The one thing we absolutely must NOT agree to is to let the Bush-era rates expire on "the rich" while keeping them for everyone else.  Either rates go up for everyone (full expiration on schedule), or we raise rates severely [70-90% marginal rate] on the high income  [million-plus in come].

If rates go up only on "the rich", we have to outbid Obama.  It's the only way to avoid total defeat on the tax argument.

Scott Reusser
Joined
May '10
Scott Reusser

Well, my congressman ran on opposing everything Obama advocates in those comments, and that congressman, Jim Ranacci, won by a higher margin than Obama. So who's got the mandate? Who won the argument?

Still, I'd say let the Bush tax cuts expire. We could plausibly deny having raised taxes, since they would have been raised by inaction during an impasse.

And it'll all be a learning experience for America: Vote for the welfare state, and with that will come tax collection for the welfare state and a hit to the economy. Enjoy. 

Chris Campion
Joined
Jul '11
Chris Campion

I'm still scratching my head as to why we should entertain him estimating at all. We need to show how little revenue a tax increase actually nets, versus the deficit. We need to show what Whittle showed in his Eat The Rich piece. That's an easy pitch, but not one any republican is making, anywhere. We have to pop the idea balloon that it's a revenue problem.  Worse, we're already conceding tax increases on Nov. 9th. And we wonder why we lose.

(edited for typos from a hot little seat in a theatre just before a "Skyfall" showing.

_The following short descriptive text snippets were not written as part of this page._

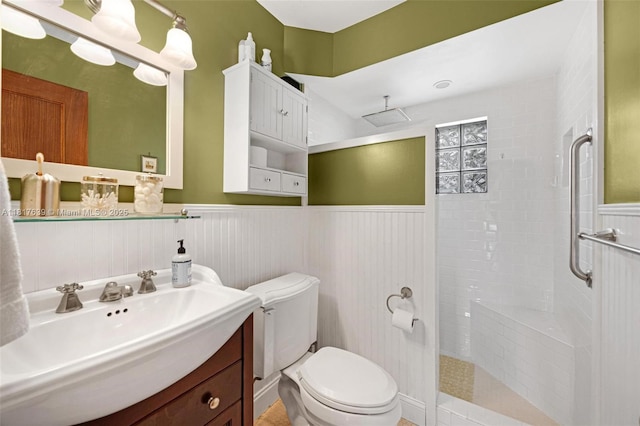 11537 SW 34th Ln, Miami, FL 33165 - bathroom with wainscoting, tiled shower, vanity, and toilet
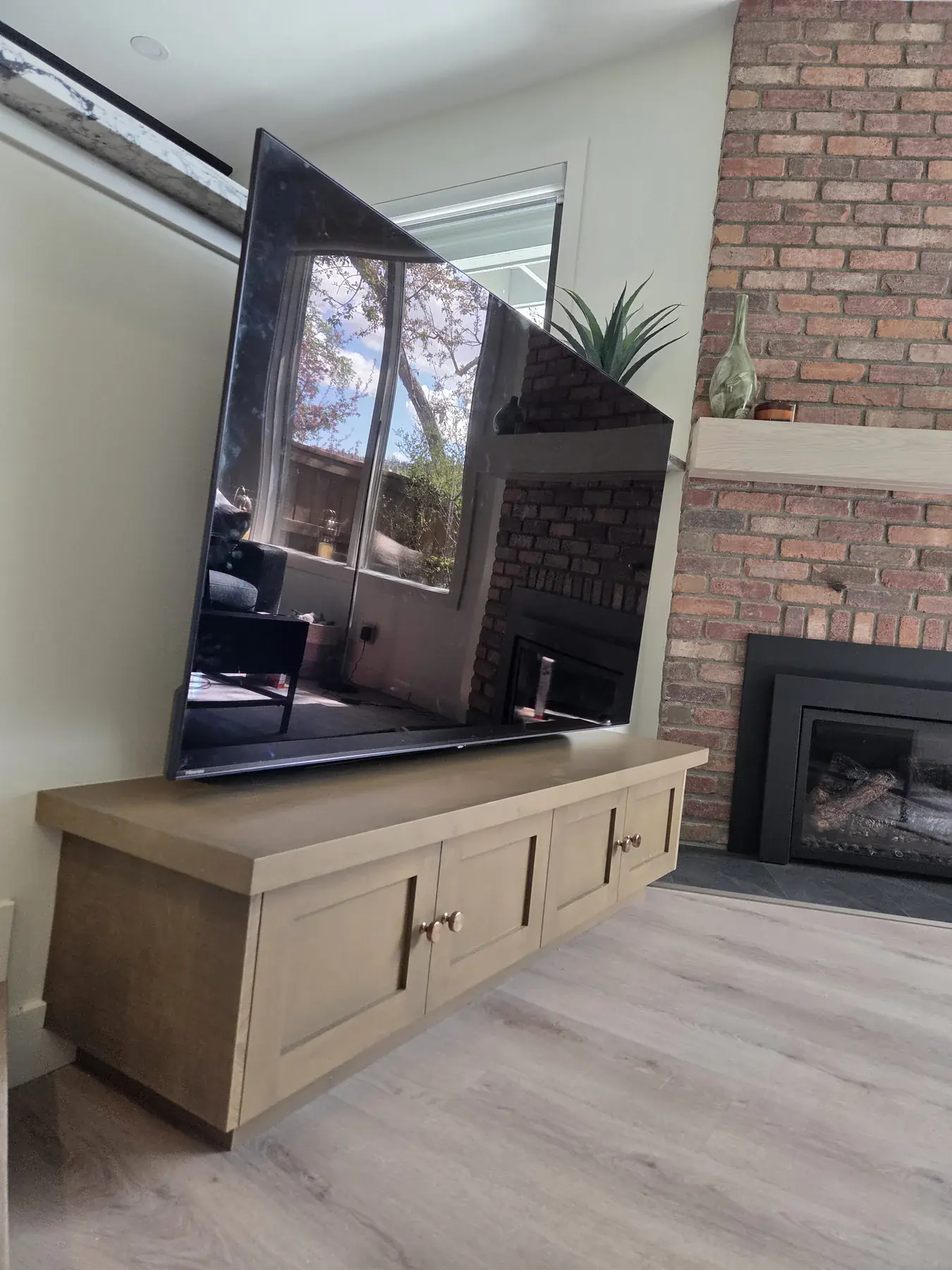 Finished custom mantel, television and cabinet installation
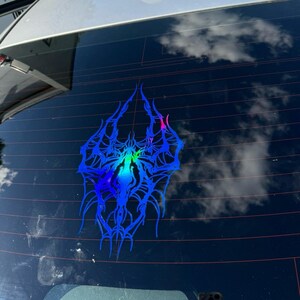 May include: A blue and iridescent spider web decal is affixed to a car window. The design features intricate, spidery lines with a gradient of colours, including blue, green, and pink. The background shows a reflection of the sky and clouds.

Edited on November 10, 2012 at 4:57am
Whiskey Sam
Joined
Jul '10
Whiskey Sam

People used to take up arms to defend their hard-earned property.  Now they duck their heads and acquiesce to pay a little more when they're already paying many times more than most.  This is a pointless debate.  Taxes are going up.  As long as people refuse to stand up for themselves against federal abuses, it's not going to stop.  

grotiushug
Joined
Jul '11
grotiushug

I'm afraid I don't see how any of this matters except in the short term.  We're going down the toilet no matter what; if things are going to get better they've got to get a lot worse first.  Give Obama the rubber stamp.  The republicans in congress should say, "the people have spoken, they want more of what this clown is offering, who are we to thwart the will of the people?"  You want it, you got it--good and hard. 

Punumba!
Joined
Apr '11
Punumba!
That's a solid 60 percent who want at least some people's taxes increased. We not only lost the vote. We're also losing the argument. · · 13 hours ago

We are losing the argument, and I'm afraid we can't win the argument.  The other side fights in bumper sticker cliches and it takes our side an essay to deconstruct their bumper sticker, in the mean time, our audience's eyes gloss over, if we have an audience as the media doesn't cover what we have to say anyway...  I don't see a way to win this fight...


Joined
Dec '11
Guruforhire

Just vote present.  Easy peezy.

I am sure when its time for business owners to make up the delta, that the bumper stickers and facebook posts will have nothing to do with their decisions......

Everything personal is political now and vice versa, at least according to the left, so why don't we start playing the same game?